Hablamos de Cataluña y buceamos en su historia como si nos fuese la vida en ello. Ya lo sabemos todo de Tarradellas y Companys a la vez que ignoramos el legado de los doceañistas. Tú le preguntas a un político gaditano por Cataluña y te larga un discurso de media hora sin respirar. Pero le preguntas cómo mejorar el transporte público o cómo reducir las listas de espera del SAS y se le pega la lengua al paladar. Censuramos la Educación que se imparte en Cataluña con el celo y el empeño que luego nos faltan para mejorar la educación pública de nuestra comunidad. Aquí, por no haber, no hay ni profesores de Física y Química para las sustituciones. Y desde el desdén atendemos a las pérdidas de las empresas catalanas mientras los comerciantes gaditanos claman en el desierto y se preguntan si el alumbrado navideño brillará a la próxima. Ningún asunto doméstico merece nuestra atención. Ni el bono social se somete a un debate serio, ni la economía sumergida se ataja con determinación. Todo requiere una pensada y da muchísima pereza imaginar un plan para relanzar la industria de la Bahía.

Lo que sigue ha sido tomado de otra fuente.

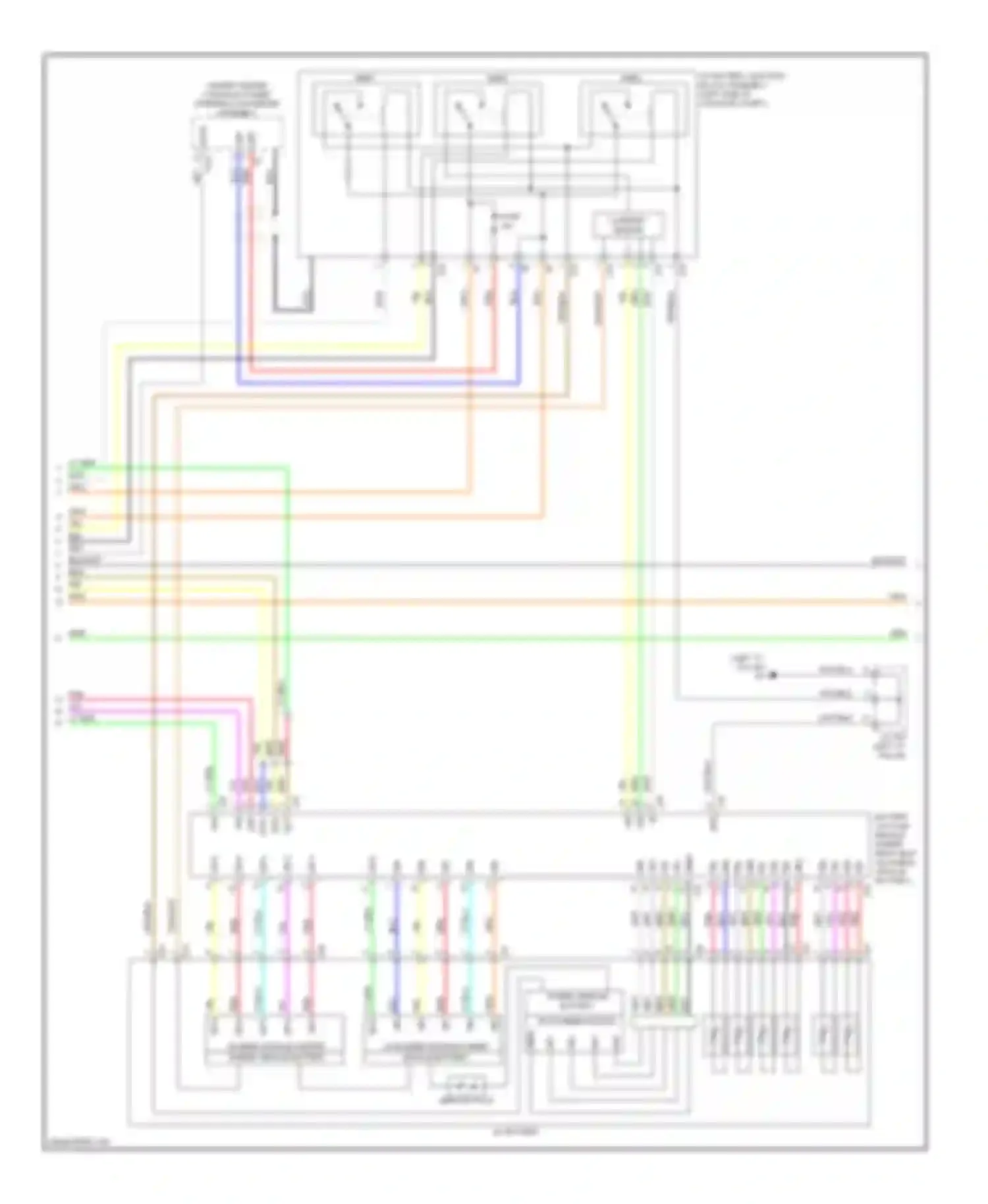 RX Lexus III (2008-2012): Wiring diagram engine performance 3.5l (7 of 10)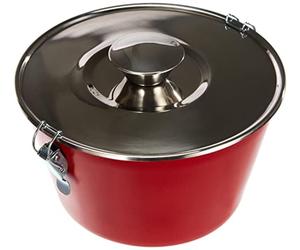(TG. 16 cm) IBILI FLANERO con TAPA Y CIERRE Venus 16 CMS, Silicone, Nero/Rosso/T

Derechos Humanos denuncia que los responsables gaditanos de Asuntos Sociales son unos cafres, pero la miseria que acompaña a miles de personas, aquí, a la vuelta de la esquina, al parecer tampoco importa. En lugar de preguntarnos por qué no llegan inversiones, nos parece más divertido -y hay que reconocer que tiene su retranca- inquirir por qué Puigdemont no ha visitado a las 900 víctimas tras el 1-0. Si todo el ingenio que desplegamos en las redes sociales se invirtiera en el porvenir, esta provincia sería imparable. Pero Cádiz nunca toca. Y quienes intentan vivir de su trabajo y de su talento, comprueban que su buen juicio nada tiene que ver con el del alto mando. El ciudadano, cuando el poder se instala en la calle, quiere que sus gobernantes restablezcan el orden y sientan la misma preocupación que cala hasta los huesos. Pero el Gobierno se mantiene impasible a verlas venir, y la izquierda, muy dividida, señala a la derecha a la vez que es incapaz de construir algo sólido, entre absurdos errores y excesos. Nadie rebaja el tono y nuestros gobernantes parecen hipnotizados ante la revolución: ni la integración del puerto y ciudad, ni la recuperación del frente marítimo, ni la incorporación de los universitarios al mercado laboral logran un minuto de su tiempo. Sólo están atentos a la pantalla del móvil, mientras Cádiz continúa cuesta abajo.